How do I stream live audio from the browser to Google Cloud Speech via socket.io?

Question

I have a situation with a React-based app where I have an input for which I wanted to allow voice input as well. I'm okay making this compatible with Chrome and Firefox only, so I was thinking of using getUserMedia. I know I'll be using Google Cloud's Speech to Text API. However, I have a few caveats:

I want this to stream my audio data live, not just when I'm done recording. This means that a lot of solutions I've found won't work very well, because it's not sufficient to save the file and then send it out to Google Cloud Speech.
I don't trust my front end with my Google Cloud API information. Instead, I already have a service running on the back end which has my credentials, and I want to stream the audio (live) to that back end, then from that back end stream to Google Cloud, and then emit updates to my transcript as they come in back to the Front End.
I already connect to that back end service using socket.io, and I want to manage this entirely via sockets, without having to use Binary.js or anything similar.

Nowhere seems to have a good tutorial on how to do this. What do I do?
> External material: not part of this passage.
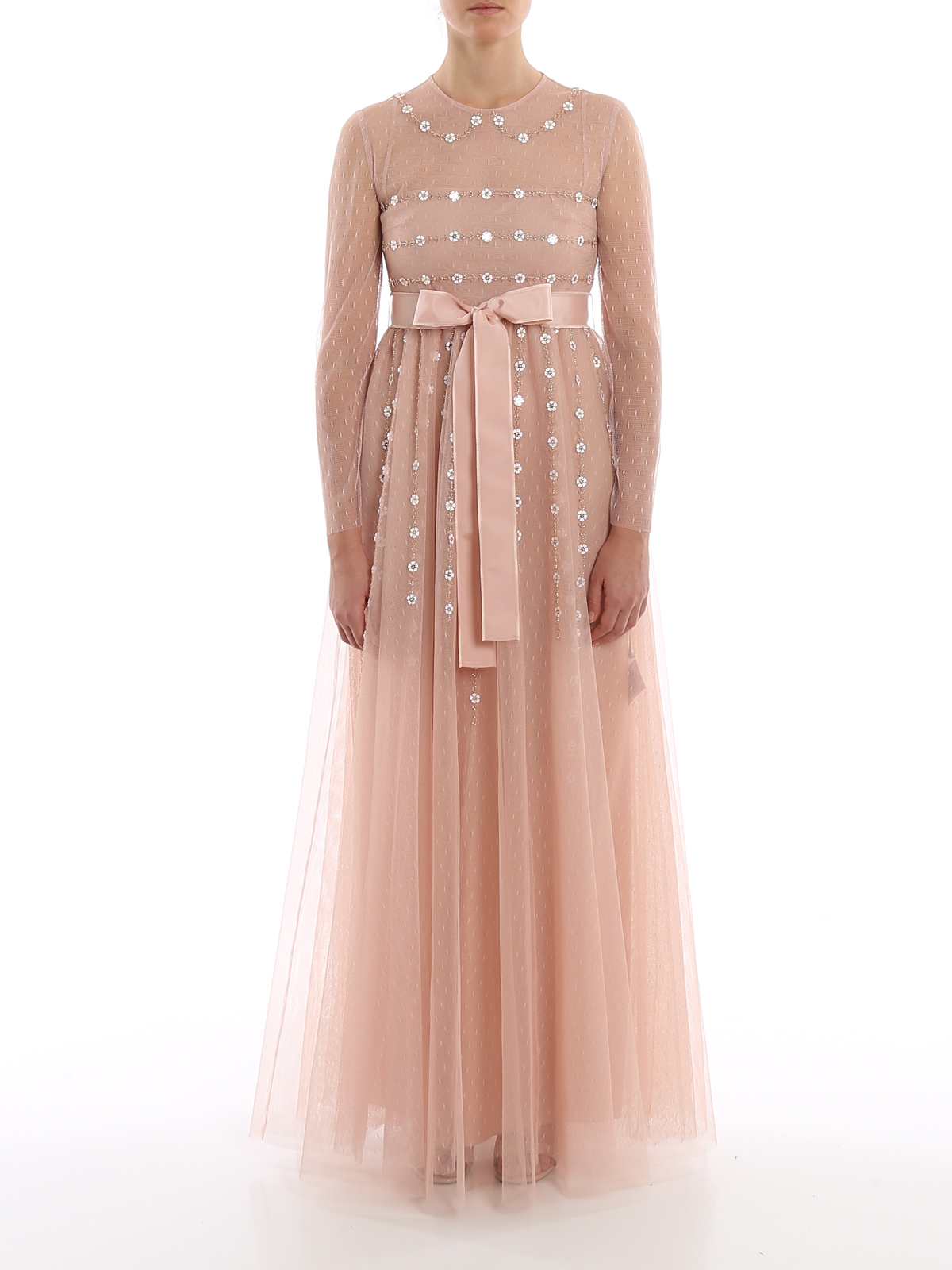 Valentino Red, Abito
Amber B. · Accepted Answer · 2018-06-22T15:20:40.197

First, credit where credit is due: a huge amount of my solution here was created by referencing vin-ni's Google-Cloud-Speech-Node-Socket-Playground project. I had to adapt this some for my React app, however, so I'm sharing a few of the changes I made.

My solution here was composed of four parts, two on the front end and two on the back end.

My front end solution was of two parts:

A utility file to access my microphone, stream audio to the back end, retrieve data from the back end, run a callback function each time that data was received from the back end, and then clean up after itself either when done streaming or when the back end threw an error.
A microphone component which wrapped my React functionality.

My back end solution was of two parts:

A utility file to handle the actual speech recognize stream
My main.js file

(These don't need to be separated by any means; our main.js file is just already a behemoth without it.)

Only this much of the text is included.